Hierarchical Cluster Engine (HCE) project – internal architecture

Introduction


This article shows main basic principles of general internal architecture and algorithms for newcomers to help to understand better the usability advantages and potential efficiency of HCE. For project architects, system integrators, general architecture design engineers, team leaders and technical management staff this information will help to understand better the possible place and role of HCE as engine and tool in the target project, to imagine the potential goals and possible to answer on several general questions about possible integration…

The HCE as engine has core architecture that represents main feature – to construct, build and hold network cluster infrastructure based on ZMQ PPP transport protocol that lays on TCP under Linux OS and is core on system-layer.

The HCE as framework has set API binding on user’s layer functionality. Common layers of architectural components can be represented as:
Architecture_general

Networking and threading


Cluster core implemented on POSIX multi-thread computation parallelism and distributed multi-host requests processing on MOM-based networking model.
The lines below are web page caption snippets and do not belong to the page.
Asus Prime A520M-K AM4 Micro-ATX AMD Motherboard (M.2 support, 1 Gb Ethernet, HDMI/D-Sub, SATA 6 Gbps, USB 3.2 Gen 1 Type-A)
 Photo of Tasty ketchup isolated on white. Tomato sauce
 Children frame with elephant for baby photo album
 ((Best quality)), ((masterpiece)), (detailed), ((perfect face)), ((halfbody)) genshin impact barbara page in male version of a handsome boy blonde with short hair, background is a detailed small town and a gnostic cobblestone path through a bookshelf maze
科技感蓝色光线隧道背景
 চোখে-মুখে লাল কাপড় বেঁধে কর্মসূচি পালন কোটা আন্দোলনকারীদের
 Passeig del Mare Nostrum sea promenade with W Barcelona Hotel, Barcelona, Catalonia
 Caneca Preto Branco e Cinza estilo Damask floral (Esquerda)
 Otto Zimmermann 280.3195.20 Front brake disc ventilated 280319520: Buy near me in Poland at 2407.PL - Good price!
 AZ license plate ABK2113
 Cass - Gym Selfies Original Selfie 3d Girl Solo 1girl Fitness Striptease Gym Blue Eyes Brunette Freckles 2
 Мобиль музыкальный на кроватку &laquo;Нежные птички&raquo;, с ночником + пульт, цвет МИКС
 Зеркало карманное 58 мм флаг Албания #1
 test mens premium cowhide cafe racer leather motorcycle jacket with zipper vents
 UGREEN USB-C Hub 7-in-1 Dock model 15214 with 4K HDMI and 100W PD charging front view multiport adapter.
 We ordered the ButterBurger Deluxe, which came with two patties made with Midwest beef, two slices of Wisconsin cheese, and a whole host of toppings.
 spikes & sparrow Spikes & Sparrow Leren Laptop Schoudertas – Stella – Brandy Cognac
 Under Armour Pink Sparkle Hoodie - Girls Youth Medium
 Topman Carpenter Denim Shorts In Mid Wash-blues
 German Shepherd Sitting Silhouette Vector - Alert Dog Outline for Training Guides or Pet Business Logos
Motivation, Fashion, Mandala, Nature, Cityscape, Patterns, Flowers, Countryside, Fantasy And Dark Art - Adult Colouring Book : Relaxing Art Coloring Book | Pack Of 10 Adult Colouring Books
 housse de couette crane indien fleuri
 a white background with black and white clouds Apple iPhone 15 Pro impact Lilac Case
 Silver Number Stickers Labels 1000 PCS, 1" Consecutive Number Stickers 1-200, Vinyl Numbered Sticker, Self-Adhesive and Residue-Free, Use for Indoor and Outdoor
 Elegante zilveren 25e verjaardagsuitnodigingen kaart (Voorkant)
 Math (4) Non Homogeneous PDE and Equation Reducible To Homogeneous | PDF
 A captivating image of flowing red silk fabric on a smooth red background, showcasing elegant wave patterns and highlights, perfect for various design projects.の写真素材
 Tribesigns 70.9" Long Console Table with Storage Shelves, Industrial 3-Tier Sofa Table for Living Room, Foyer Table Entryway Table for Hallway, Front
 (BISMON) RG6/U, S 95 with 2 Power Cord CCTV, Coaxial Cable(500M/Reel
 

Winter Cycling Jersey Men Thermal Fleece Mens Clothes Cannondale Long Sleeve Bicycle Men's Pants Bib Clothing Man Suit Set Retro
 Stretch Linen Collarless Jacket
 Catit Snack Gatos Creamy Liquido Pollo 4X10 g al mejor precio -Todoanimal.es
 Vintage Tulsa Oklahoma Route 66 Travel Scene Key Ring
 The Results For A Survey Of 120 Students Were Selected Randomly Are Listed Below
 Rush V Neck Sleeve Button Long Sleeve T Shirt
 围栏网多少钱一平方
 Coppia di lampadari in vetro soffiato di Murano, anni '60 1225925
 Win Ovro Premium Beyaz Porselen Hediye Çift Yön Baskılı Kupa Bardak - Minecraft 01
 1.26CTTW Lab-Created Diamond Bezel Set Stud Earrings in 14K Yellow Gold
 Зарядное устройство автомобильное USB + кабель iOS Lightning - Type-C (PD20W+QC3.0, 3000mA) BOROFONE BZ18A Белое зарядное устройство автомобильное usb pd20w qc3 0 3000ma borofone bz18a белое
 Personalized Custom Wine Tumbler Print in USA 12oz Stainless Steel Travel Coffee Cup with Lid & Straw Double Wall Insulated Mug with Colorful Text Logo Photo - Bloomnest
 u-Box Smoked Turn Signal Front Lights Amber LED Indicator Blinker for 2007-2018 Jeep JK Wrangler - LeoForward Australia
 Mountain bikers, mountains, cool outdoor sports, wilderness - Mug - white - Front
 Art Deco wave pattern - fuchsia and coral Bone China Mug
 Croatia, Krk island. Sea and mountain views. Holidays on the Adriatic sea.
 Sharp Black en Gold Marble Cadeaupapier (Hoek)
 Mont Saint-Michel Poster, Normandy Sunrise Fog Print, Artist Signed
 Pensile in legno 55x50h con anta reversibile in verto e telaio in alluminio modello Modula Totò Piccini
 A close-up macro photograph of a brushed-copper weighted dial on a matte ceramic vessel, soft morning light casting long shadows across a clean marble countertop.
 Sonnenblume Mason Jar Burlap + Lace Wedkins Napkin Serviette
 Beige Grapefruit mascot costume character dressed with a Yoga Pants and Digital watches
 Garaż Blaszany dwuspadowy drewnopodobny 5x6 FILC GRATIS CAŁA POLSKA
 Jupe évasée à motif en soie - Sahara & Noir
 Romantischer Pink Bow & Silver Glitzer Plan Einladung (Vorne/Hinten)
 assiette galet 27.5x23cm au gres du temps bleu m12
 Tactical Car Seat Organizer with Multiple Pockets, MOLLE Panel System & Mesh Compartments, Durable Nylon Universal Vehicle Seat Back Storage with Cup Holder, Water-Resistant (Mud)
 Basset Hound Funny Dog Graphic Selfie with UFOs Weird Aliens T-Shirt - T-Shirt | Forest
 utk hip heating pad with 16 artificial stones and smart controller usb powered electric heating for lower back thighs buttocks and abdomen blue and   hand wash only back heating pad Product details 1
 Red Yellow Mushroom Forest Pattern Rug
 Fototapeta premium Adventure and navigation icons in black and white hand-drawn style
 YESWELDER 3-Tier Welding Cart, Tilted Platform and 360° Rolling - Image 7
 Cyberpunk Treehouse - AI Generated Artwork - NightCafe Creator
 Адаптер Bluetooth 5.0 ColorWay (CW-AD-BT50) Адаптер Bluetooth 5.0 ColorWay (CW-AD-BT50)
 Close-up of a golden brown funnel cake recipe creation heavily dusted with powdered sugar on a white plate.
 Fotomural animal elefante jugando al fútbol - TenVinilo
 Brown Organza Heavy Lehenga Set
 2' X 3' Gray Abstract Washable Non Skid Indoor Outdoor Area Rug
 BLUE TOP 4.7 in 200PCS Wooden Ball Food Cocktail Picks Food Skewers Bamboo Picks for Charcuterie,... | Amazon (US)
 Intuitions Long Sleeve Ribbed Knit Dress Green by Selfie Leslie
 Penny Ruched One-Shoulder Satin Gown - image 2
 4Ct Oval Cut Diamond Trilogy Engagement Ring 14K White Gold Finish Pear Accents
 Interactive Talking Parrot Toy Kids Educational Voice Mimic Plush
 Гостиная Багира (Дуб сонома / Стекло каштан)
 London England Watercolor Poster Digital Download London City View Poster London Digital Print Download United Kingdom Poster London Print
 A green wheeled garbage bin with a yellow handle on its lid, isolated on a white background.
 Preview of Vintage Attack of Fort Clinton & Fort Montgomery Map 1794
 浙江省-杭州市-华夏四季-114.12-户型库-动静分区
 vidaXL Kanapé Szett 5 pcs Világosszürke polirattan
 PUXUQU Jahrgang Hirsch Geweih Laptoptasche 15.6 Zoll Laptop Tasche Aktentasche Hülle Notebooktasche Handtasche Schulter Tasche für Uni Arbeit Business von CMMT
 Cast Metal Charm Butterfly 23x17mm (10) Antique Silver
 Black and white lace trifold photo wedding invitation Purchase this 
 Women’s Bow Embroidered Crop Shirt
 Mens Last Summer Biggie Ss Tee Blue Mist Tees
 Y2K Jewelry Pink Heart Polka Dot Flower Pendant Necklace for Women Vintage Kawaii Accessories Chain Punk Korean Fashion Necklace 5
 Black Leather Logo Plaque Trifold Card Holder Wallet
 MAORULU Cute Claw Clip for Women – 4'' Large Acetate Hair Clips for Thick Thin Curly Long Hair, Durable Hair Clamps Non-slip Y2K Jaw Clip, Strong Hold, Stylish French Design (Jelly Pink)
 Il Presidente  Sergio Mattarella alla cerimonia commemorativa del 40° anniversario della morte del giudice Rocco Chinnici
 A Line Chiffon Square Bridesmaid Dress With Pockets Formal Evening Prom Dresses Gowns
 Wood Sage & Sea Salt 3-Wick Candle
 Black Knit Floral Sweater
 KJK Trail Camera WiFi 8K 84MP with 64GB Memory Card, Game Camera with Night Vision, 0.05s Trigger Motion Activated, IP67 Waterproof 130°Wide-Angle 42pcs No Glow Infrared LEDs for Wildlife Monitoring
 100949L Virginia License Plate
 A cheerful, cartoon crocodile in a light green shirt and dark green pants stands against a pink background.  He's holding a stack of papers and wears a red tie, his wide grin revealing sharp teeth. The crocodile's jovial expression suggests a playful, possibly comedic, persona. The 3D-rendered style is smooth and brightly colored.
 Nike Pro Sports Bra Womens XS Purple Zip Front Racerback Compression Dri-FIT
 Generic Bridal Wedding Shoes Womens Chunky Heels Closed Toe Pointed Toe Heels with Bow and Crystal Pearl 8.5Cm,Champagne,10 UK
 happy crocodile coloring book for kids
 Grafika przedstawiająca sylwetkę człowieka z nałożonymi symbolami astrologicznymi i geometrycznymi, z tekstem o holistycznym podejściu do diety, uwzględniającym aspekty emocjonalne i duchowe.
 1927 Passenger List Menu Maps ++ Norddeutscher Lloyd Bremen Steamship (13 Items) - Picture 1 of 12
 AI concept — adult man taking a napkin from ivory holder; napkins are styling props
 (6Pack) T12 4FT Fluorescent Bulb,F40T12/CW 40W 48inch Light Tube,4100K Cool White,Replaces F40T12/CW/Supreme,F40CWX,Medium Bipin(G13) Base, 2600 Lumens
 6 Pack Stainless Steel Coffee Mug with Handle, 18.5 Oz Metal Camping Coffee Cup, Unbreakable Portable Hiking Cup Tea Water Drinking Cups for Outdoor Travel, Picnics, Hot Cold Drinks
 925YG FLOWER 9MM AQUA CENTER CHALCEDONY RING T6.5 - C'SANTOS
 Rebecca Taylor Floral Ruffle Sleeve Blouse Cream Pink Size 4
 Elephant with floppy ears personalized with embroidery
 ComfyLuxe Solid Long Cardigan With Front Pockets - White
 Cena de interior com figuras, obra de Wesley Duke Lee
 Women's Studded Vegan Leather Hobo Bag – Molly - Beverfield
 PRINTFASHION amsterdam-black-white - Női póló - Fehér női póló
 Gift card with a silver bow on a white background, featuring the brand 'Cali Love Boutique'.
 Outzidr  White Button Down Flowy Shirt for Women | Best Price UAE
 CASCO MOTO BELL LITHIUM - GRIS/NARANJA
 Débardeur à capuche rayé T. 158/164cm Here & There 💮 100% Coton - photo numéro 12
Main cluster infrastructure based on different roles of nodes, separated data and admin requests handling by using two dedicated ports, asynchronous messages handling and processing based on ZMQ inproc sockets. Also is ready to be transactional and redundant.

The concrete internal threading architecture and messages routing model of HCE node instance depends on role is static and can be one of router, manager or data that is defined on start.

Messages routing of data requests messages for descent flows as well as messages collecting algorithm and reduce data processing for ascent flows depends on manager node mode – shard or replica.

Router mode


Cluster_node_router

Manager mode


Cluster_node_manager

Data mode


Cluster_node_data

Passive health checks


All kind of node roles instances doing the bidirectional heartbeating algorithm. There several types of behavior and parametrized cycling can be configured to make liveness and responsibility of nodes more strong and flexible. All timeouts and delays are configurable at start and run-time.

Dead Node Detection


If a node stops responding, it will be marked as dead for a configurable amount of time. The dead nodes will be temporarily removed from the load-balancing rotation on server node and client will enter in cycle of tries to re-connect to server node in case of it was marked as dead.